From the preceding formulas it follows that:

\[ \Psi_1(\mathbf r)= \begin{cases} \dfrac{1}{2}-\dfrac{x}{\delta} +\dfrac{\sqrt{3}}{\pi\xi^2}\displaystyle\sum_{k=1}^{\infty} \cos\dfrac{\pi x(2k-1)}{\delta}\,S_k(\xi), & \omega=1,\ R_{mn}>0, \\[1.4em] \dfrac{\sqrt{3}}{4\pi\xi}\displaystyle\sum_{mn} \left( \dfrac{1}{\sqrt{a_{mn}^2+\xi^2(x/\delta)^2}} - \dfrac{1}{\sqrt{a_{mn}^2+\xi^2(1-x/\delta)^2}} \right), & \omega=0,\ R_{mn}>0, \\[1.4em] \dfrac{\sqrt{3}}{2\pi\xi^2}\displaystyle\sum_{k=1}^{\infty} \left\{ \cos\dfrac{\pi x(2k-1)}{2\delta} + (-1)^k\sin\dfrac{\pi x(2k-1)}{2\delta} \right\}S_k(2\xi), & \omega=-1,\ R_{mn}>0, \end{cases} \]

where

\[ a_{mn}=\frac{R_{mn}}{r_0};\qquad S_k(t)=\sum_{mn}K_0\!\left(\frac{\pi(2k-1)a_{mn}}{t}\right); \]

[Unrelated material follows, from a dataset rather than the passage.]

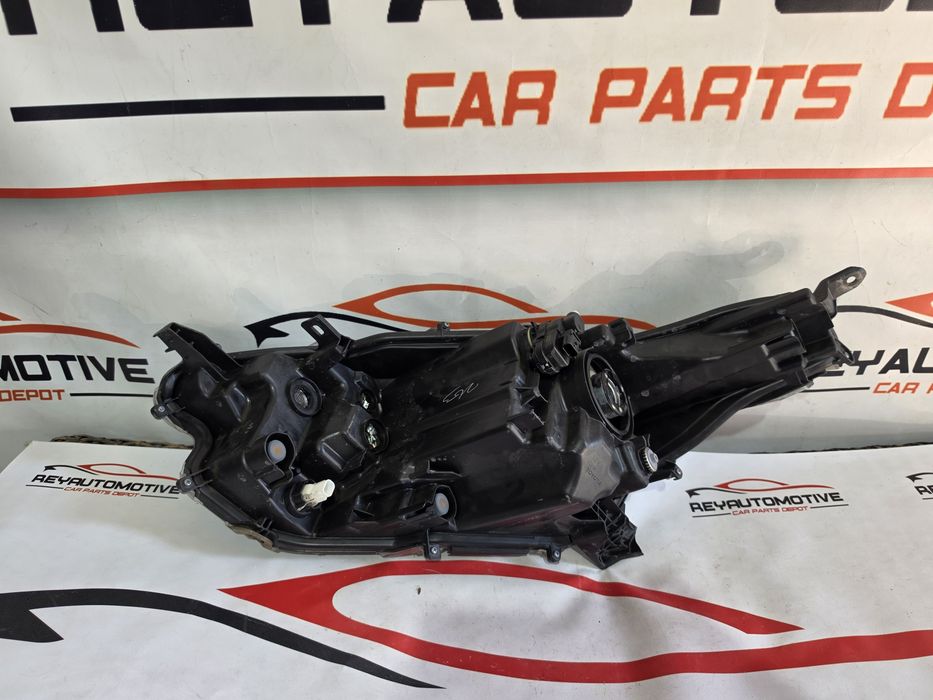 Far dreapta Toyota Yaris 4 dupa 2020 cod K0-6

\[ \Psi_2(\mathbf r)= \begin{cases} 0, & \text{if } R_{mn}>0 \text{ for any } m,n; \\[1em] \dfrac{\sqrt{3}}{4\pi\xi^2}\left(\dfrac{\delta}{|x|}-Q(x)\right), & \text{if } y=y_{m_0,n_0},\ z=z_{m_0,n_0}. \end{cases} \]

The dimensionless component of the field strength along the \(x\)-axis, which we shall denote by

\[ E(\mathbf r)=-(\partial \Psi(\mathbf r)/\partial x)\delta, \]

is equal to

\[ E(\mathbf r)=E_1(\mathbf r)+E_2(\mathbf r), \]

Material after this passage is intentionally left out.